When you find the line with "2025-2026学年甘肃省" among the records below, reproduce it and each line after it exactly, ending with the line with "并购时，可研报告中这些内容请谨慎引用".

**PROVIDED DATA**:
Start of Block

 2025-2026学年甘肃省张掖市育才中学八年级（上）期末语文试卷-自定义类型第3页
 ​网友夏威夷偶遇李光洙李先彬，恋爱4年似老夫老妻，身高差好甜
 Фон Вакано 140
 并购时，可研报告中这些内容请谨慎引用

End of Block
Start of Block

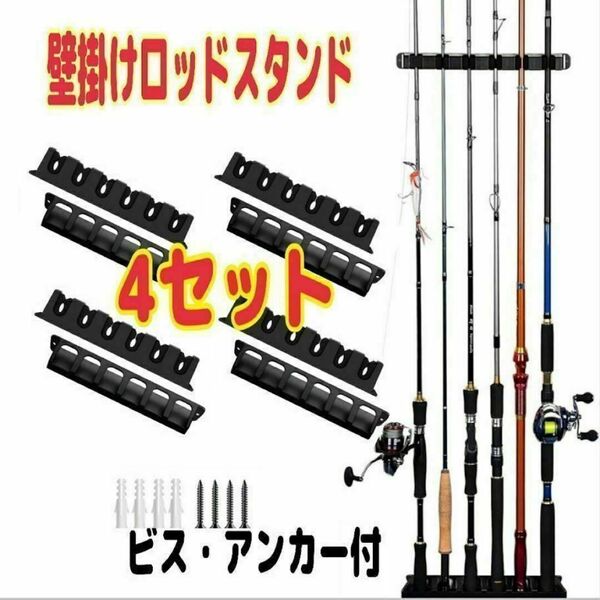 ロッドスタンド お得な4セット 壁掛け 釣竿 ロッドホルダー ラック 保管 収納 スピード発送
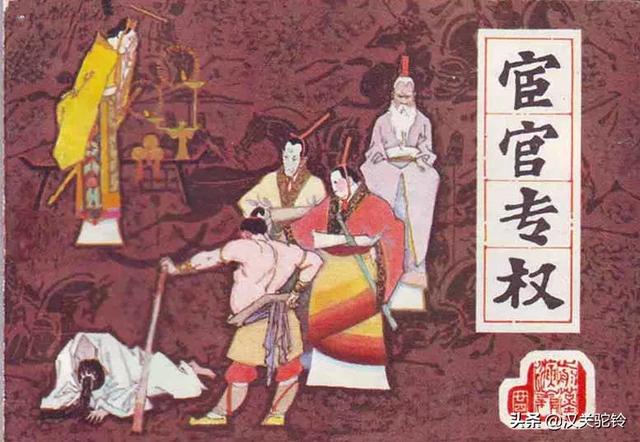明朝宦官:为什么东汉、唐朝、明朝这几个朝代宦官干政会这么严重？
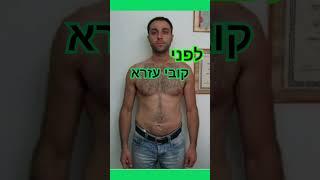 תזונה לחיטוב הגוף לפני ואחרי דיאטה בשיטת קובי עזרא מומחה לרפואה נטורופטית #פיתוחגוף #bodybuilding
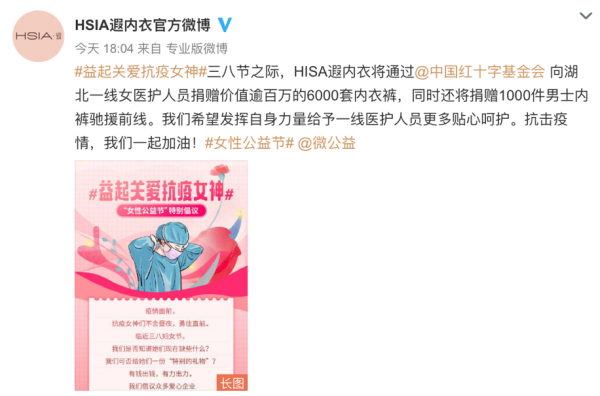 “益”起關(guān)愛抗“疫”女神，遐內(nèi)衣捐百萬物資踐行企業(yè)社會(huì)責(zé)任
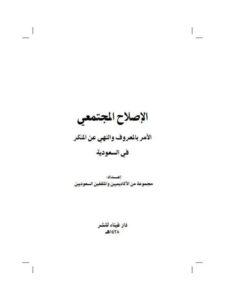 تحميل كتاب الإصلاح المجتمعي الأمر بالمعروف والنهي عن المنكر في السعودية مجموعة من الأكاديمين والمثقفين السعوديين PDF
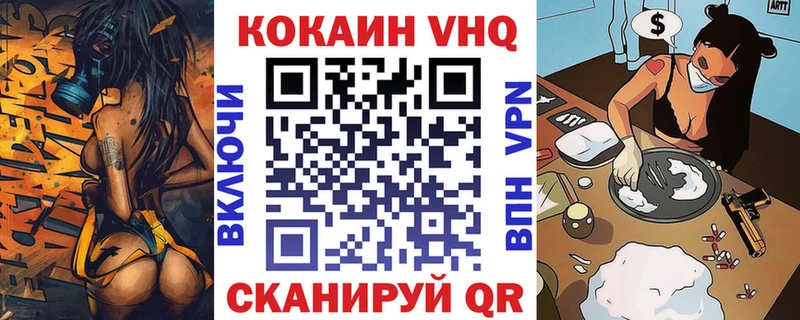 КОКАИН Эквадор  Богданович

End of Block

**ANSWER TO THIS TASK**:
 2025-2026学年甘肃省张掖市育才中学八年级（上）期末语文试卷-自定义类型第3页
 ​网友夏威夷偶遇李光洙李先彬，恋爱4年似老夫老妻，身高差好甜
 Фон Вакано 140
 并购时，可研报告中这些内容请谨慎引用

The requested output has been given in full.